Mobile: The next chapter in education

Mobile devices provide the opportunity to leapfrog challenges of infrastructure and skill availability

By IBM
Updated: Jun 17, 2015 12:31:40 PM UTC
online_education
When students start to access educational content on mobiles and tablets, learning will become available to all and sundry, ranging from anyone in a rural area to someone on a plane

Image: Shutterstock

No need to blame yourself if you do not remember the structure of an atom or the way the moon causes tides. We can all blame it on the boring books that we had tried to read in school but which could never catch our attention. But the gen-Y, as they are now called, may not be able to lean on to that blame!

Education has changed, thanks to Coursera, Khan Academy and many such online lecture platforms that now provide high quality education to millions, outside the classroom walls or the hard-to-get-in Oxford campus. While technology to deliver online education and collaboration has grown tremendously in the past few years, mobile is just knocking at the doors here, or should I say thumping. Another disruption in education is about to unfold.

When students start to access educational content on mobiles and tablets, learning will become available to all and sundry, ranging from anyone in a rural area to someone on a plane. But this learning will itself change from what we used to so far see as printed text books. Learning content has been moving to 3D content, with 3D smart classrooms now being part of most affluent schools. When students start to access this conent on mobile devices, which are rich with a number of sensors (such as camera, accelerometer, gyroscope, location), the educational content will be designed to use these sensors to make the content even more engaging and tactile. Gone will be the days of just flipping through books. Soon we will be able to move the sun around the earth and see the effect it has on the weather in our location!

Like every other industry where mobile has been used to get more information about the user (such as location), content consumption through mobiles can provide significantly deeper insights about the content and the student. The frontal camera of the mobile device and provide insights whether the student is engaged or not. From this, we can derive information such as a particular part of the video content is not engaging for most students.
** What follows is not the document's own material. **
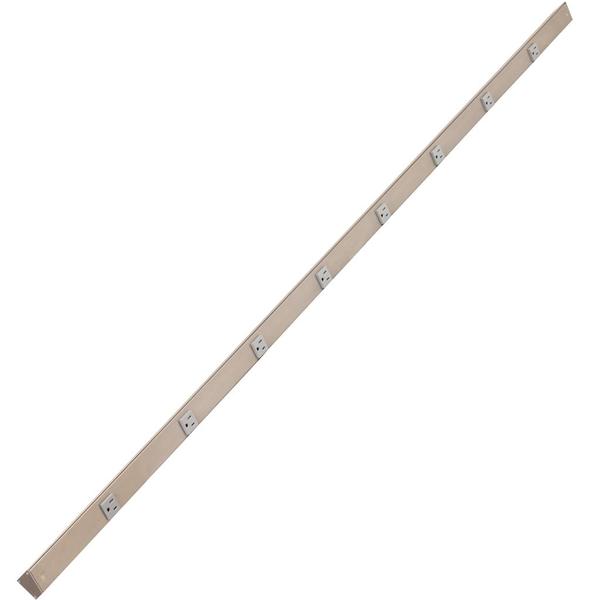 72" 15 amp 120 volt Satin Nickel Under Cabinet Power Strip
The location of the mobile device that is accessing a particular educational content can provide insights into the places and times where people of similar interest consume the content. This can provide insights on where a physical meet-up should be planned to discuss a particular course. The orientation of the phone device can provide information on how a class is structured – are all students collaborating while consuming this course content, as depicted by the circular orientation of the students’ positions, or are they interacting in multiple small groups, or is everyone just facing the board? Such insights can provide important information about the learning content consumption and can help content creators (aka the erstwhile publishing houses) on how to design and create the educational content for this new mobile world.

So these future possibilities with mobile education are definitely exciting, they are in fact critical to many living in developing countries. When we look at the infrastructure and instructor quality in most classrooms in rural areas in such countries, mobile education is as perhaps the only hope to improve the quality of education and engagement with students. Mobiles provide an opportunity to leapfrog infrastructure challenges. A school where students sit in open spaces under the trees, perhaps setting up a physical chemistry laboratory would not be a feasible proposition. But delivering quality simulations on mobile devices is a possibility that mobiles can provide, rather soon.
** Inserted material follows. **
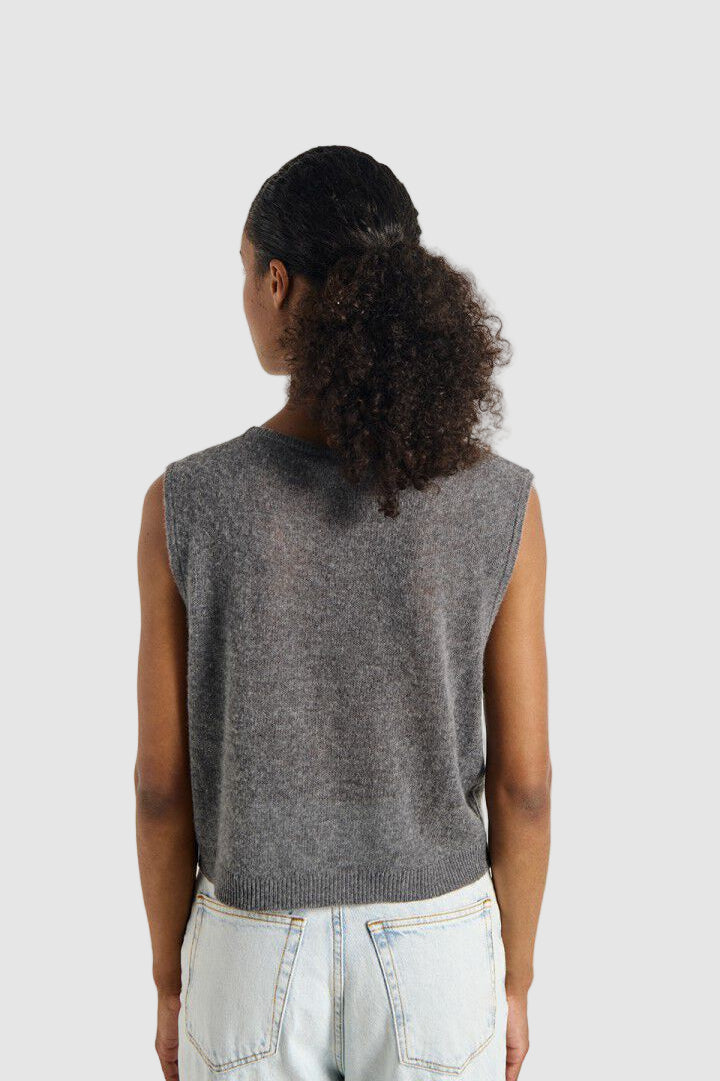 AMERICAN VINTAGE Maglione giromanica - Gris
As we get excited about the mobile education world, our humility should ensure that we still remain connected to the physical world of books and classrooms. Mobile education will therefore also provide significant possibilities to enhance our experience of traditional learning by embedding in the physical world. Not only mobile, other wearables such as the Apple Watch or a Google Glass can capture the physical world context and provided additional material to supplement learning in the class. Such augmented reality possibilities will perhaps be the Holy Grail in education in the coming years – maintain a balance where technology can be used, while keeping the traditional values the system that is built on the pillars of a teacher and fellow students.

We may miss our text books though, definitely the smell of those fresh pages at the beginning of an academic season. But just until we simulate smell on a phone next to you!

- By Nitendra Rajput, senior researcher & research manager, Mobile Enabled Industry Solutions

The thoughts and opinions shared here are of the author.